TASK GOAL
Hand back, word for word, the lines from the one containing "this 1344×896 image." to the end of the records, both included, and leave out pictures.

(Images for object localization)
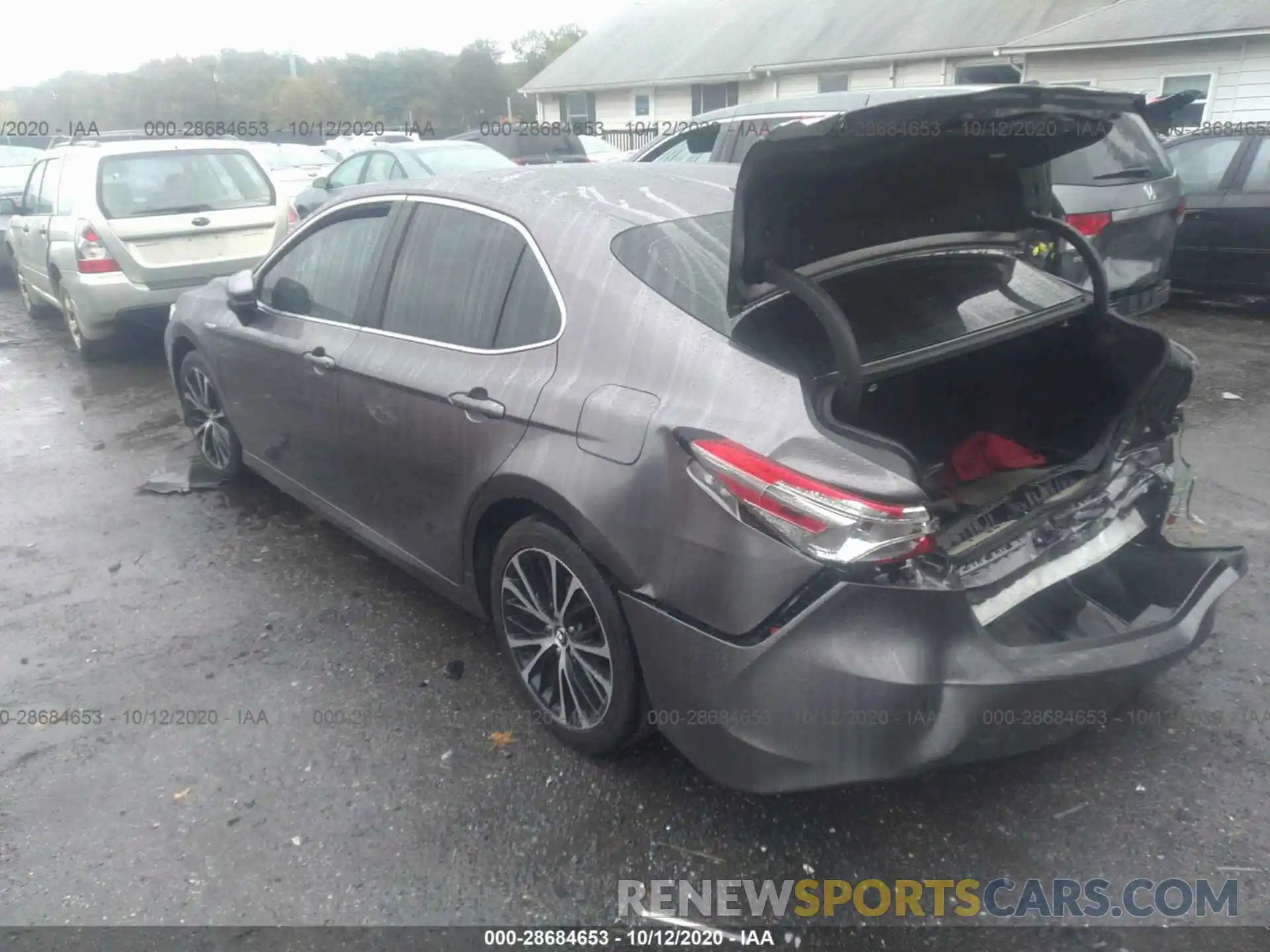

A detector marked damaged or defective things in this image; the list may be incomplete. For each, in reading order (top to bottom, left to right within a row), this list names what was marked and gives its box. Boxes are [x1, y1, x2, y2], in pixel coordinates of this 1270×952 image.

damaged rear bumper [630, 538, 1244, 797]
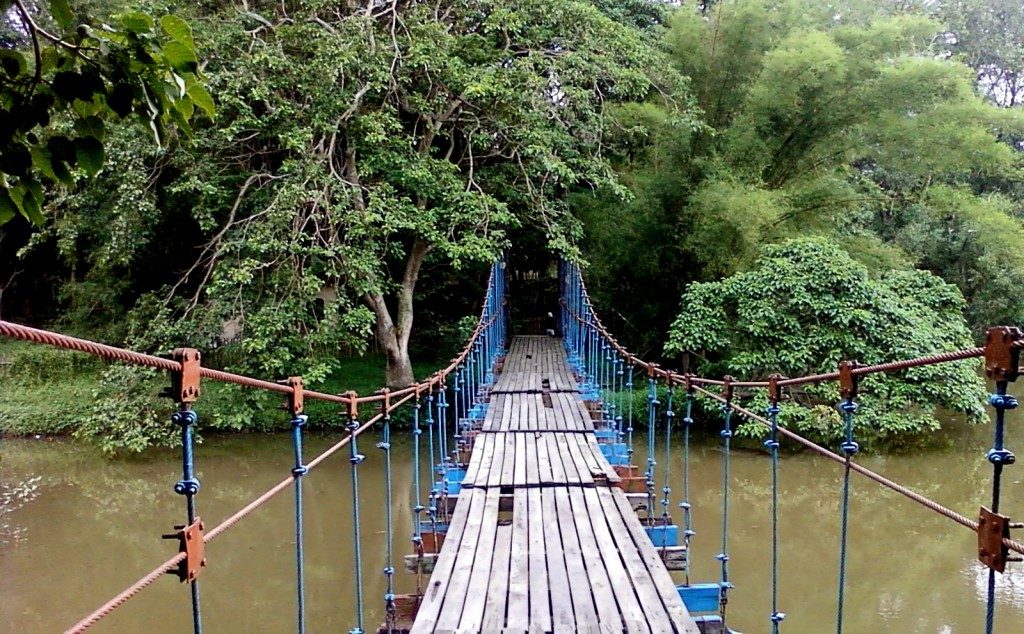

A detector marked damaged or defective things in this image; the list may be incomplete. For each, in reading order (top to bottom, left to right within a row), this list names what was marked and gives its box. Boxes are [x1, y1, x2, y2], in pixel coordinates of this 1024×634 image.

rusty metal bracket [161, 350, 201, 403]
rusty metal bracket [278, 376, 301, 415]
rusty metal bracket [720, 376, 737, 401]
rusty metal bracket [839, 362, 856, 401]
rusty metal bracket [978, 327, 1019, 381]
rusty rope cable [692, 385, 1024, 557]
rusty metal bracket [160, 518, 204, 581]
rusty metal bracket [978, 505, 1011, 573]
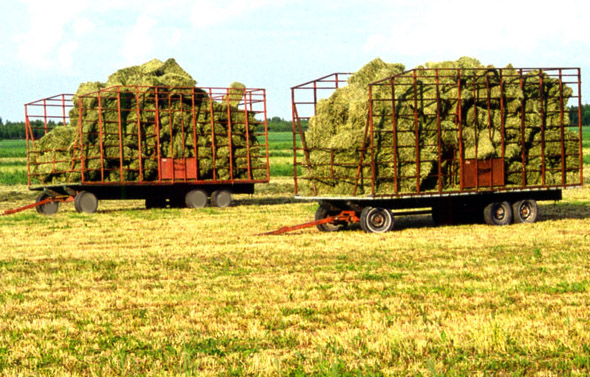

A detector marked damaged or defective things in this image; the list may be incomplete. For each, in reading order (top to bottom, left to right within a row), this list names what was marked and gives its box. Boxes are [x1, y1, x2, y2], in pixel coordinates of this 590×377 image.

rusty metal [24, 84, 270, 187]
rusty metal [292, 67, 584, 200]
rusty metal [260, 209, 360, 235]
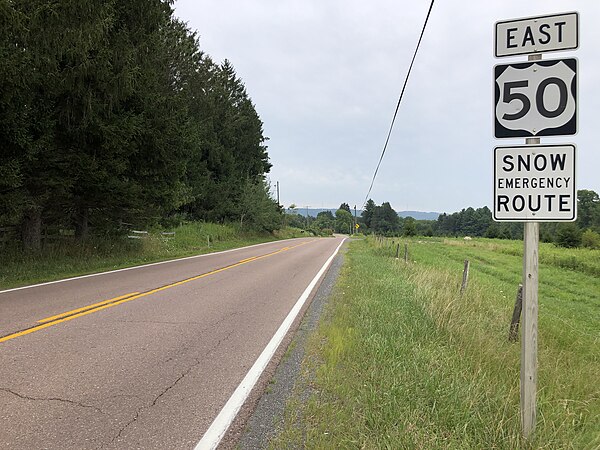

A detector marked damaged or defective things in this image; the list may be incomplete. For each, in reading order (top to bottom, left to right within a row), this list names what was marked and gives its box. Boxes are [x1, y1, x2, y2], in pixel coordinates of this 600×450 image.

road surface crack [0, 386, 105, 414]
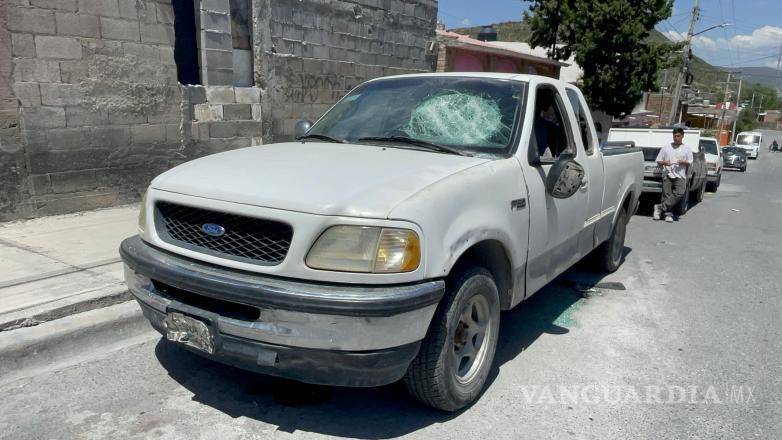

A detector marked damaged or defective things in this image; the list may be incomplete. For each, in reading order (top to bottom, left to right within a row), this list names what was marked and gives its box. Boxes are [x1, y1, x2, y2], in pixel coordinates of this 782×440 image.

broken side mirror [294, 118, 312, 139]
shattered windshield [306, 76, 528, 156]
broken side mirror [548, 153, 584, 198]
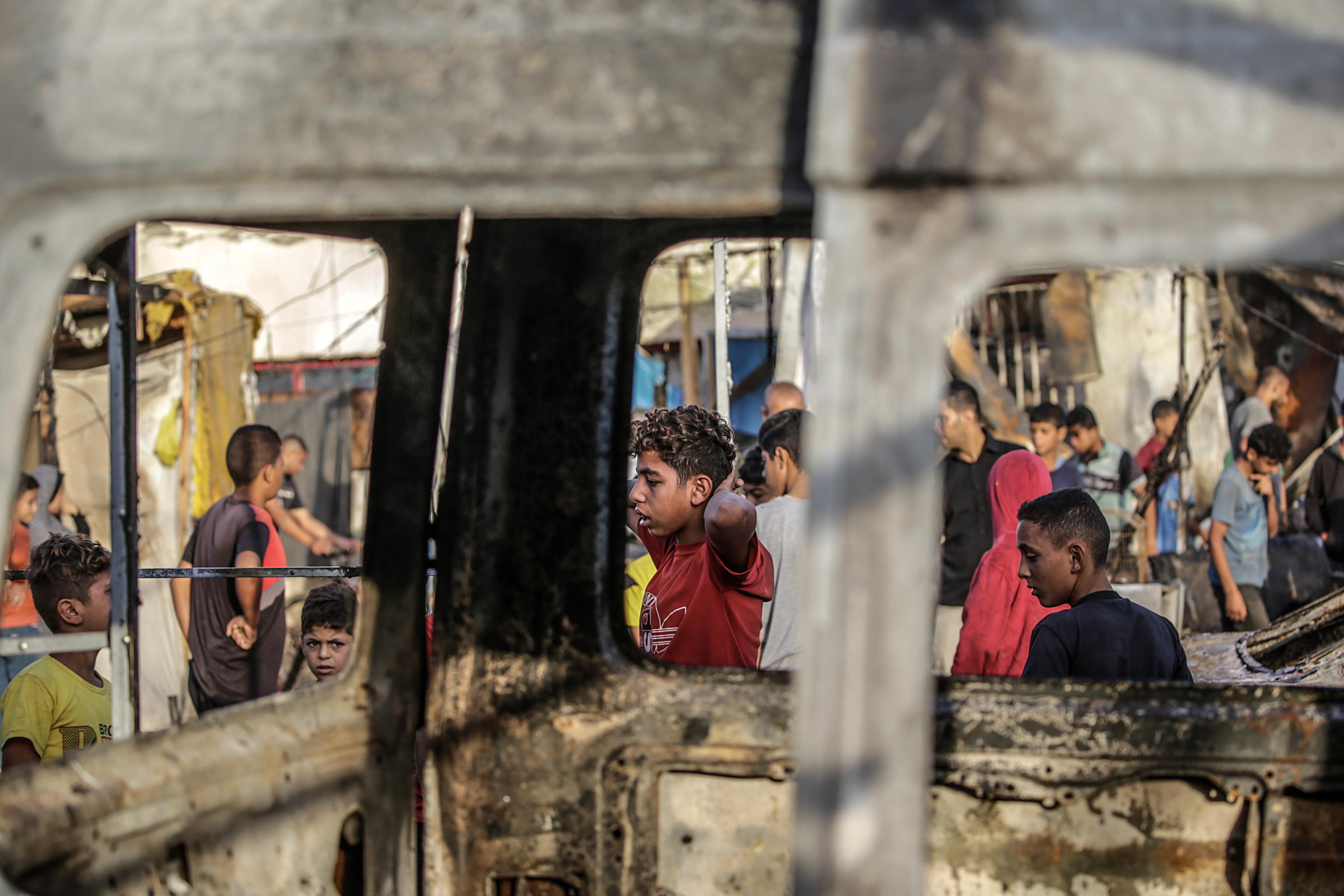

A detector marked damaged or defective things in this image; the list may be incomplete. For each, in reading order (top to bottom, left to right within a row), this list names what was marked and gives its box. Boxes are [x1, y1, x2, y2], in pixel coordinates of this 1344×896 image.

damaged building wall [1080, 268, 1231, 510]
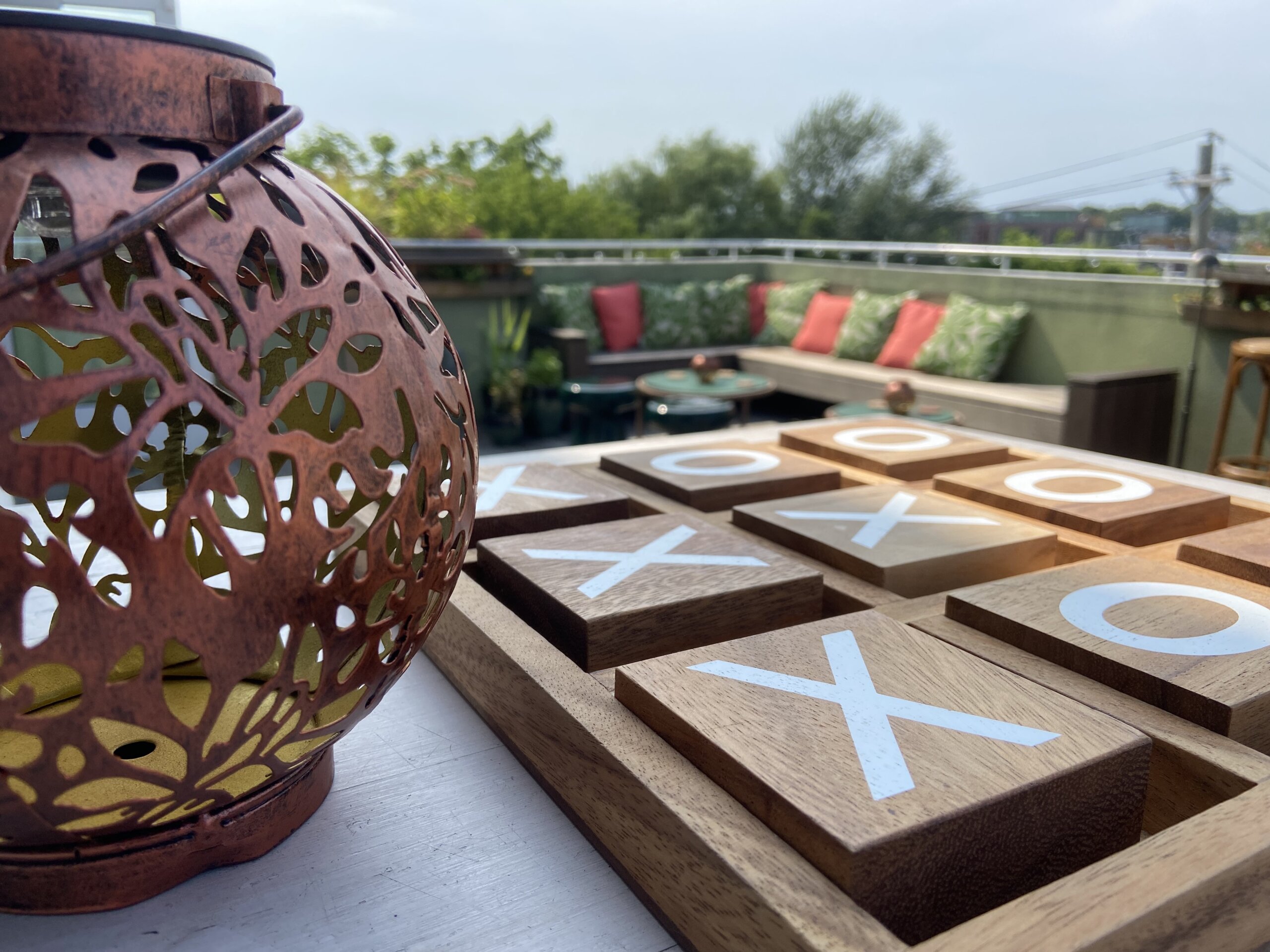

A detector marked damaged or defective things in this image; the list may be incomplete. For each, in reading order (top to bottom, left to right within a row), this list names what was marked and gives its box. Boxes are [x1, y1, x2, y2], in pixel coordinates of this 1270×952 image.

rusted metal surface [0, 13, 279, 141]
rusted metal surface [0, 28, 477, 908]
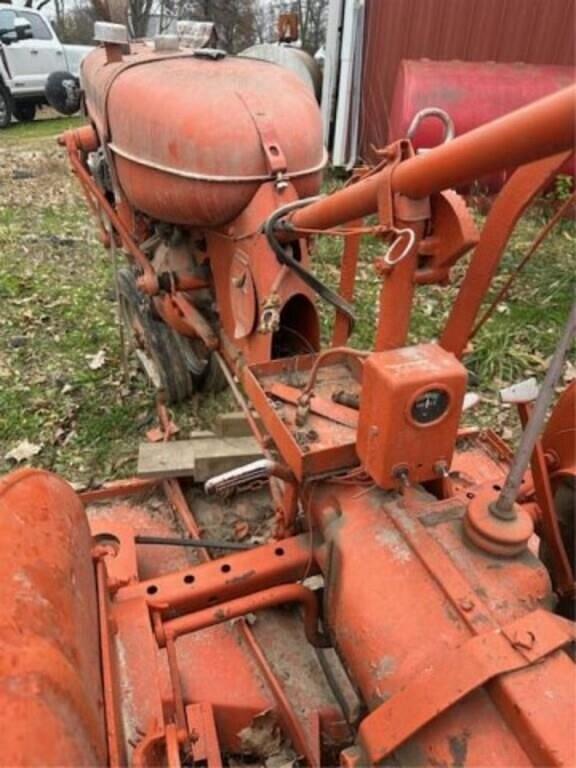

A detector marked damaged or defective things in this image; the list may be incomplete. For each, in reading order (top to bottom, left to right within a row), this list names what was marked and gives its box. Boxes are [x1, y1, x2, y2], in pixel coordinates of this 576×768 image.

rusty fuel tank [81, 45, 326, 226]
rusty fuel tank [0, 472, 106, 764]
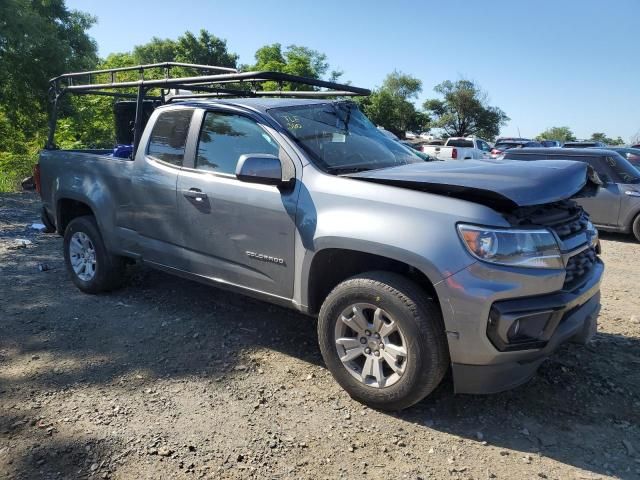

WRITTEN REPLY
A detector marked damaged or defective things in this image; the list may be incomplete. For each, in reading order (top to bottom, left to right within a row), this list names what was marked and gives its box. Boxes are [x1, y1, x2, y2], in pixel coordinates of this 1344×896 image.

damaged building wall [1080, 268, 1231, 510]

A detector marked damaged or defective things in this image; the list may be incomplete. For each, in reading order (top to bottom, left to right within a row), this list names what was marked and gives its box. Boxes are [x1, y1, x2, y2], in pixel coordinates of this 1270×952 image.

rusted metal surface [0, 13, 279, 141]
rusted metal surface [0, 28, 477, 908]

A detector marked damaged or defective things in this image; the list may be incomplete. For each, in reading order (top to bottom, left to right within a row), this list names what was marked and gives its box. Boxes are [x1, y1, x2, y2], in pixel coordinates of this 576×768 image.

rusty fuel tank [81, 45, 326, 226]
rusty fuel tank [0, 472, 106, 764]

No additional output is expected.